The gun store in Tacoma, Wash., that once had the rifle used in the Washington-area sniper attacks was allowed to stay in business despite four investigations by the Bureau of Alcohol, Tobacco and Firearms that found dozens of guns missing and serious violations of federal laws that require dealers to keep records of weapons they buy and sell, according to court records.

The information, contained in an affidavit made public by federal prosecutors in Seattle on Friday, depicts the store's owner, Brian Borgelt, as so sloppy about keeping records that guns were routinely stolen or misplaced, with no way to trace what happened to them.

Two employees of the store, Bull's Eye Shooter Supply, said they noticed that a .223-caliber Bushmaster XM-15 rifle was missing from a display case in August or early September, the affidavit said. But Borgelt did not report the gun stolen or missing as required by federal law.

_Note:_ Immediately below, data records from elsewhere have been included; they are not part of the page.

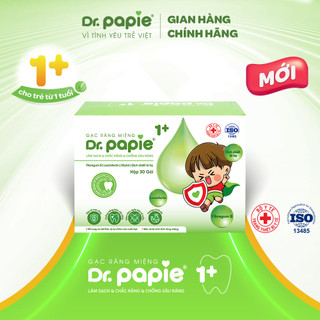 Gạc Rơ Lưỡi DR.PAPIE 1+ Làm Sạch Răng, Lưỡi, Nướu, Phòng Chống Sâu Răng, Tiêu Chuẩn 5SAO Cho Bé  - 30Gói/Hộp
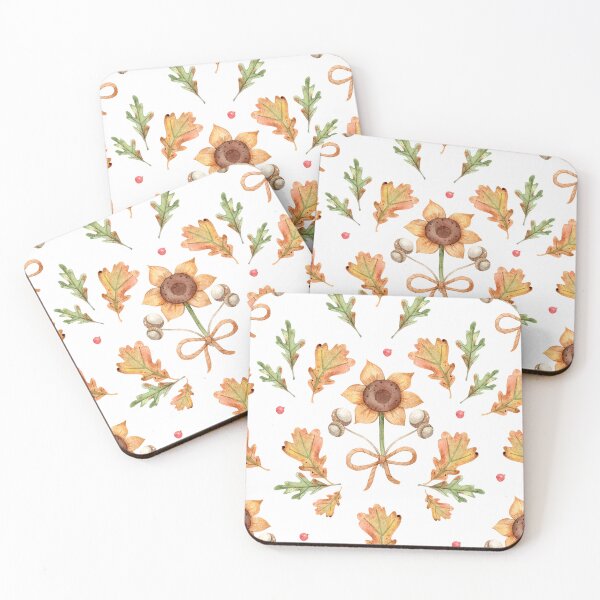 Item preview, Autumn Sunflowers & Oak Leaves – Watercolor Fall Pattern designed and sold by White Rabbit Design .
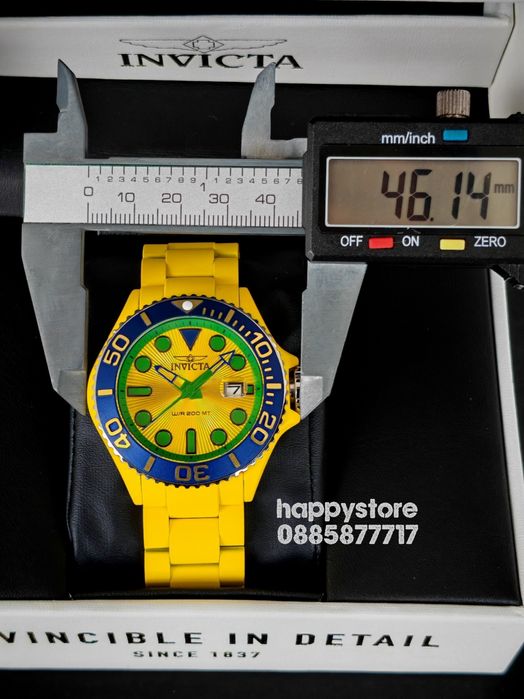 INVICTA Diver Yellow 46 mm, Инвикта нов ръчен часовник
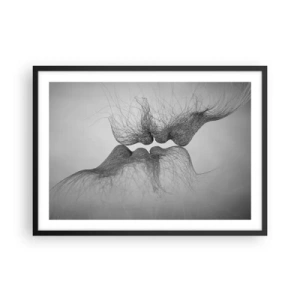 Poster in cornice nera - Un bacio astratto presentato in una forma eterea - 70x50cm - Il bacio del vento - Decorazione murale moderna per soggiorno e camera da letto ARTTOR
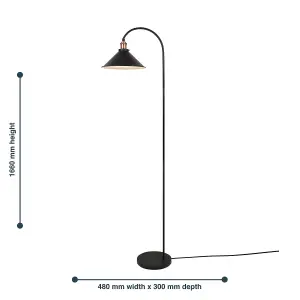 First Choice Lighting Matt Black With Brushed Copper Floor Light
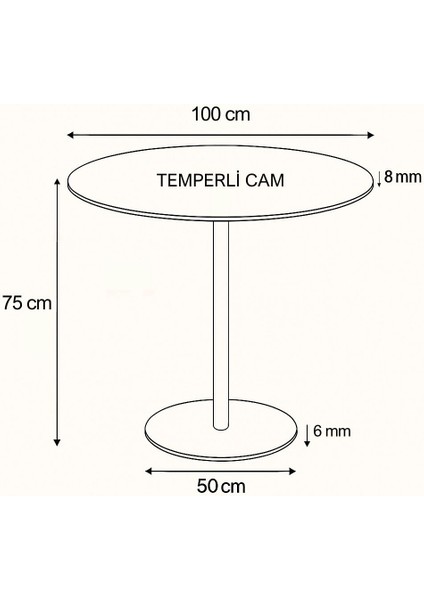 Siyah Mermer Desenli Modern 100 cm Yemek Masası 8 mm Temper Cam ( Sadece Masa ) modelleri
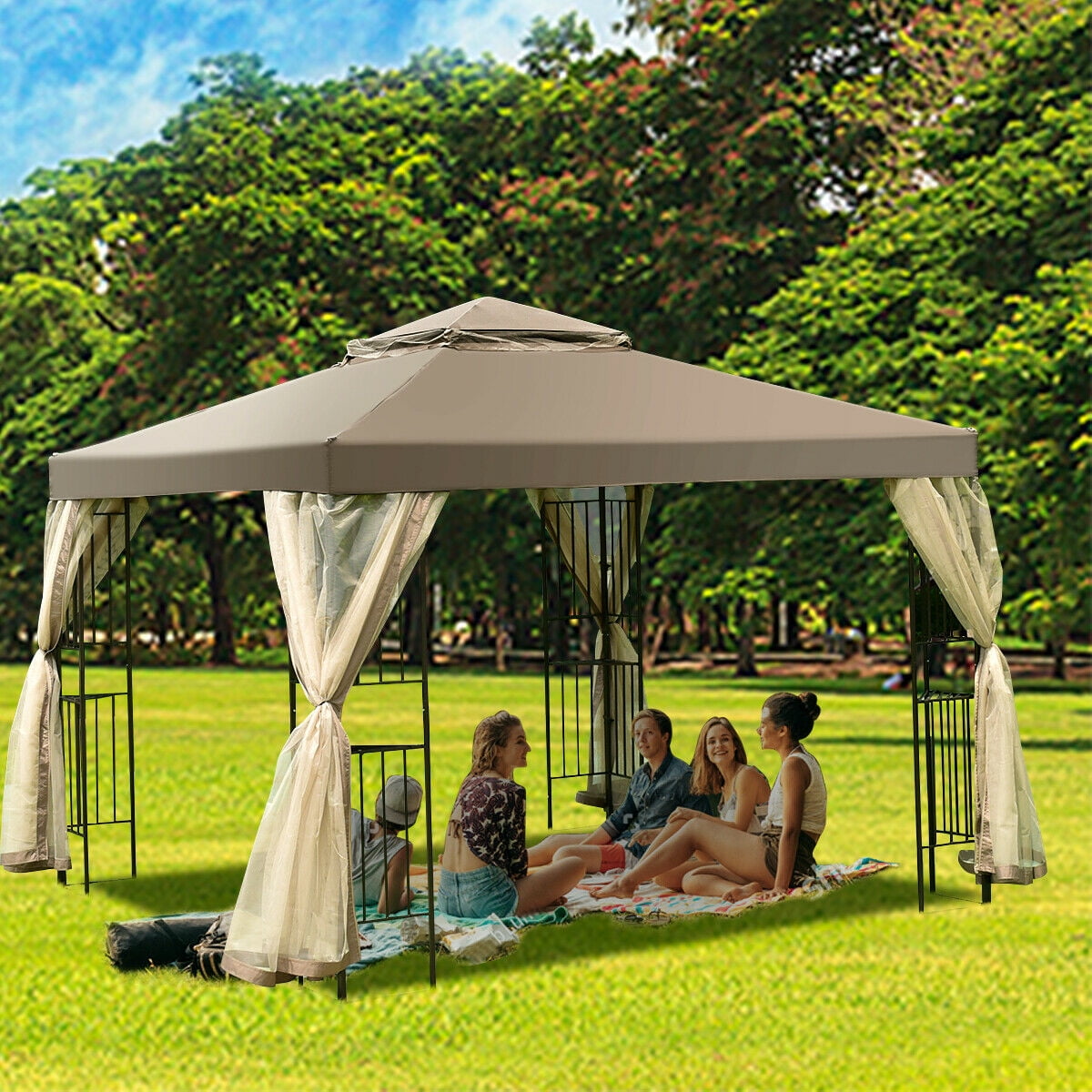 Costway 10 x 10 ft Square Brown Semi Permanent Gazebo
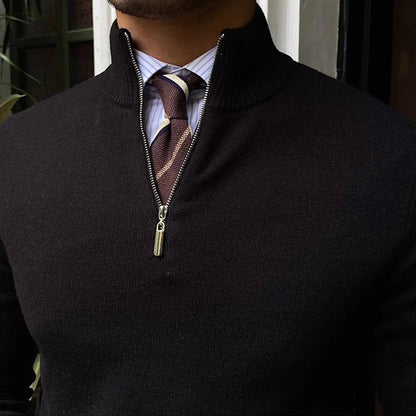 Herre halv-zip trøje – Klassisk business- og fritidslook, elegant og alsidig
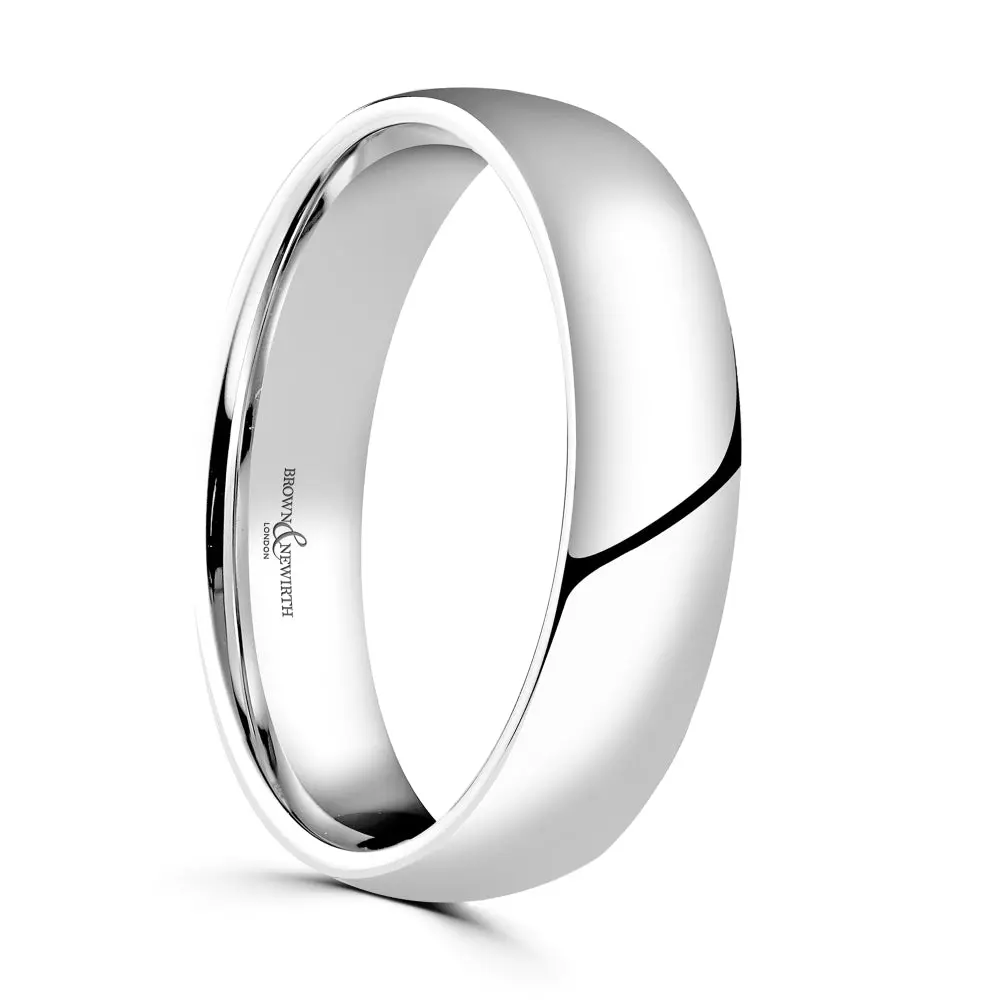 Platinum 5Mm Lightweight Court Wedding Band 1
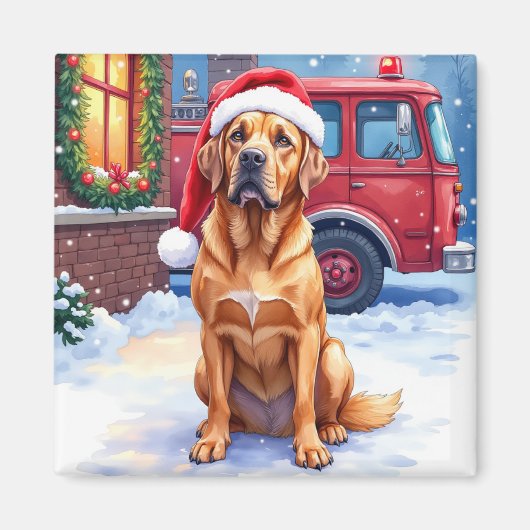 Aimant Dogue de Bordeaux Firefighter Station Santa Hat (Devant)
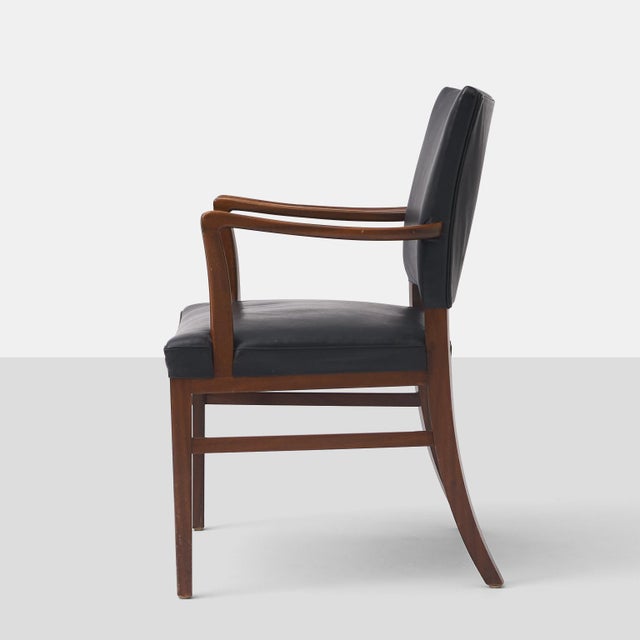 Mid-Century Modern Leather and Mahogany Armchair Attributed to Jacob Kjaer For Sale - Image 3 of 7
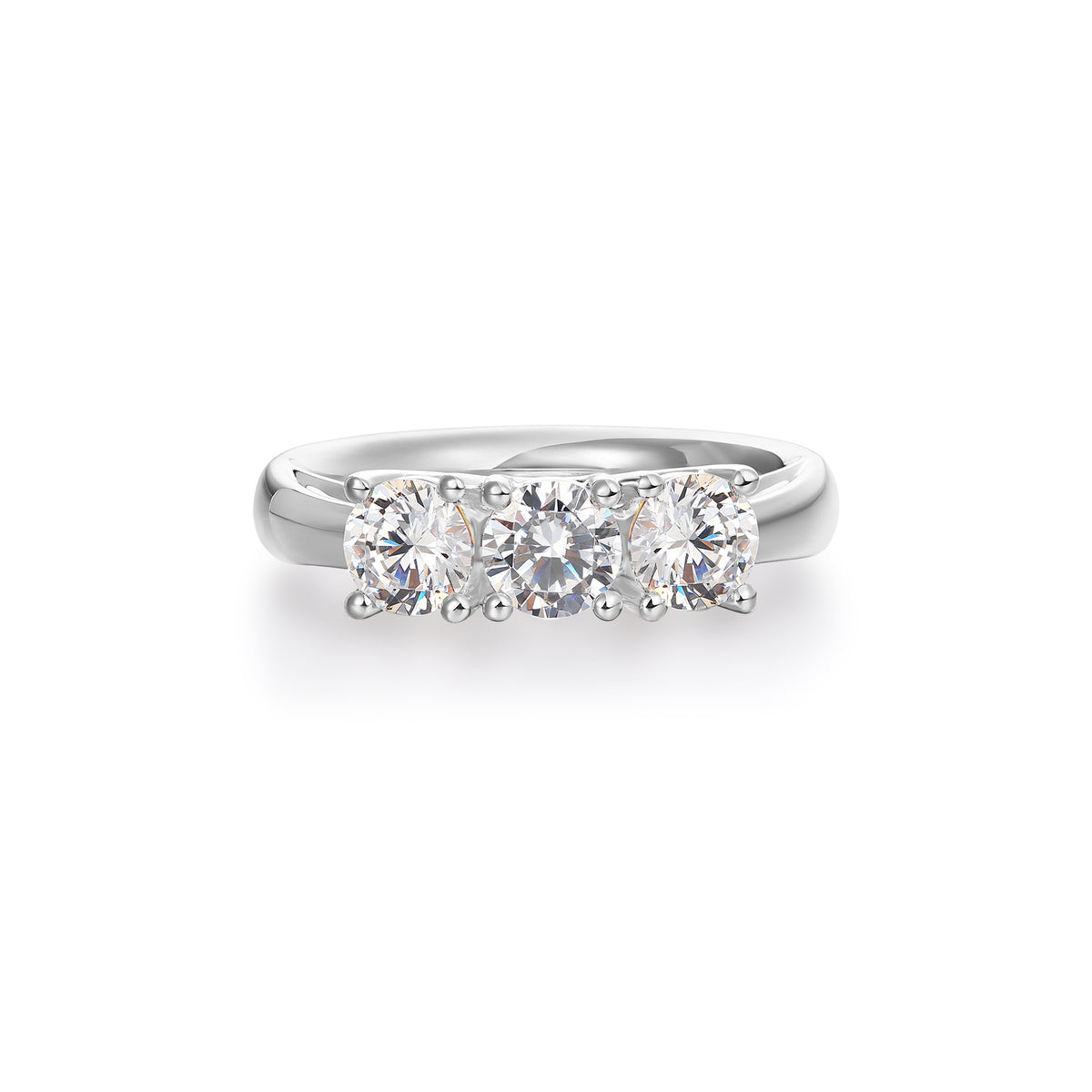 Platinum 3 Stones 1.50ct Engagement Ring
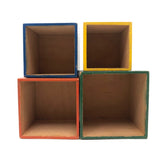 Impossible to Find Set of Four Colorful Vintage Nesting / Stacking Boxes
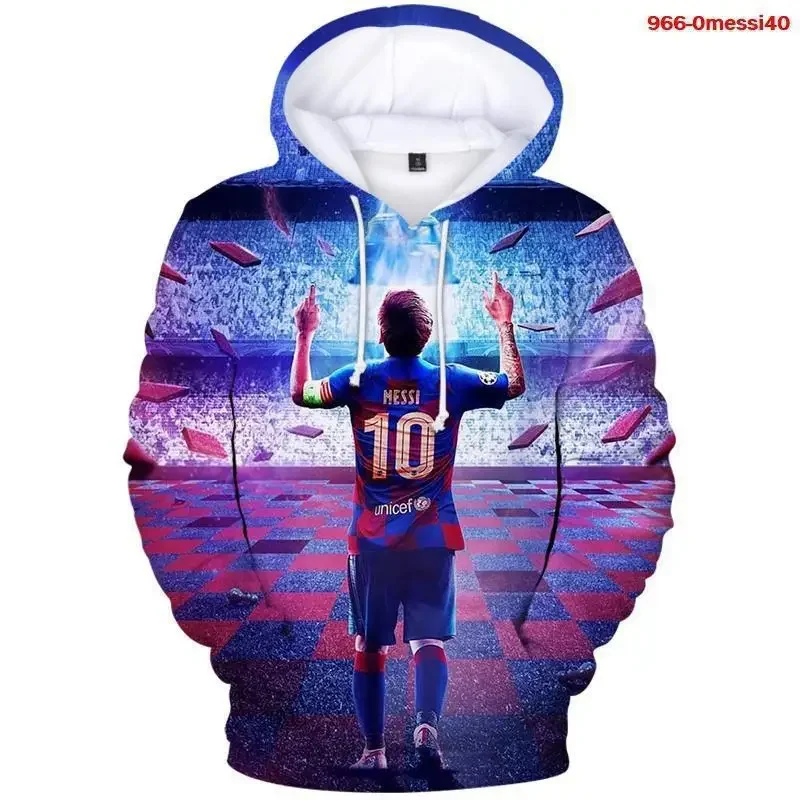 Autumn Men Messi Football Hoodie Children Pullover Adult Kids Casual Hooded Clothing Boys Girls Fashion Top Coat with Hat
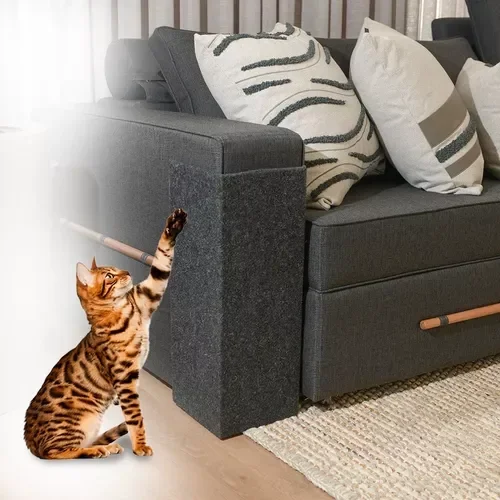 Sofá Protetor de Arranhões Cinza e Cama Box para Gatos - Conforto e Higiene em 2 Unidades Cat Love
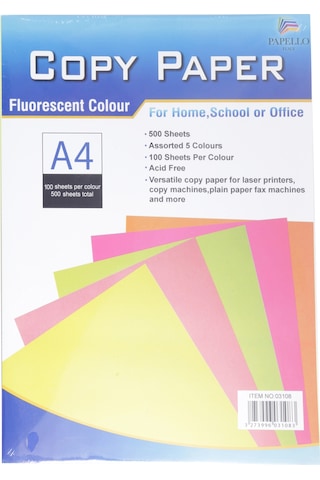 Copy Paper Fosforlu Neon Renkli A4 Fotokopi Kağıdı 500'lü Çok Renkli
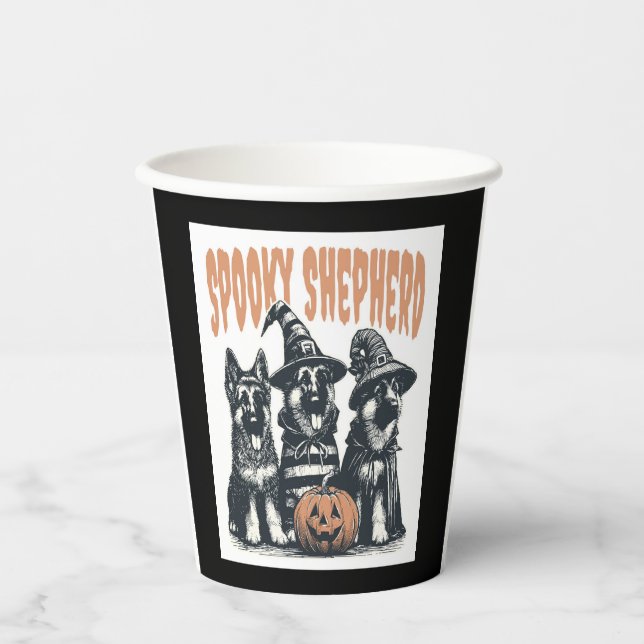 Halloween German Shepherd.jpg Paper Cups (Front)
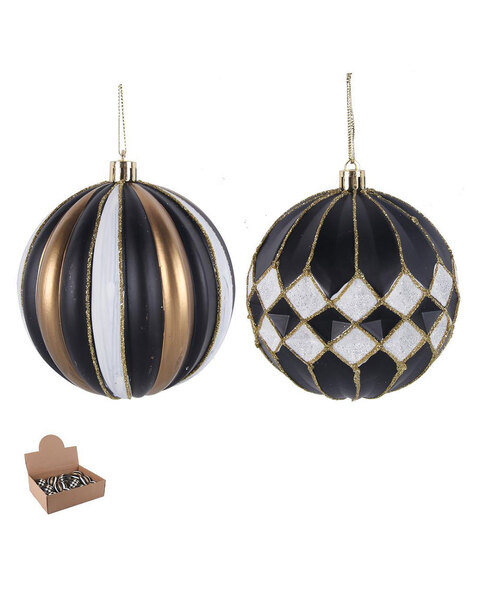 Black white and gold 10cm Christmas Baubles set of 2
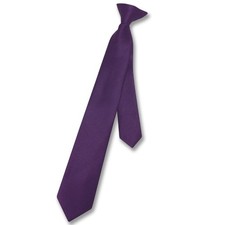 Vesuvio Napoli Boys CLIP-ON NeckTie Solid EGGPLANT PURPLE Color Youth Neck Tie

The gun, which was linked to the sniper shootings by ballistics tests, was found in the car in which the two suspects, John Allen Muhammad and Lee Boyd Malvo, were arrested.

The employees also reported that they had seen Malvo in the shop before the gun disappeared.

Despite the wealth of detail in the affidavit, it does not resolve the central question of how Muhammad and Malvo obtained the $1,600 rifle.

Neither Muhammad or Malvo could have legally bought the rifle. Muhammad, 41, is under a domestic violence restraining order, and Malvo, 17, is prohibited because he is a minor and an illegal immigrant.

A law enforcement official said the U.S. attorney's office in Seattle would subpoena employees of the store to testify before a grand jury to try to resolve how the rifle left the store.

The affidavit also reported that Borgelt did not file personal income tax returns from 1995 through last year. Since 1994 he has not filed a partnership tax return for Bull's Eye or a predecessor store, the document says.

But from 1999 to this year, more than $1.5 million in cash was deposited into the shop's account in Key Bank branches around the nation, the affidavit said.

Borgelt did not return phone calls to his store yesterday.

The affidavit said several current or former employees of Bull's Eye had told ATF inspectors that paperwork at the store was in "disarray."

ATF inspectors had uncovered record-keeping violations during audits at Bull's Eye and its predecessor store in 1995, 1998, 2000 and last year, the affidavit said, including 160 missing guns that Borgelt could not account for in the 2000 audit.

As a result, the ATF had issued Borgelt a warning letter, saying future record-keeping violations "will be viewed as willful in nature," a finding that would allow the agency to file criminal charges.

In particular, the inspectors found that Borgelt was not correctly filing the required forms for background checks.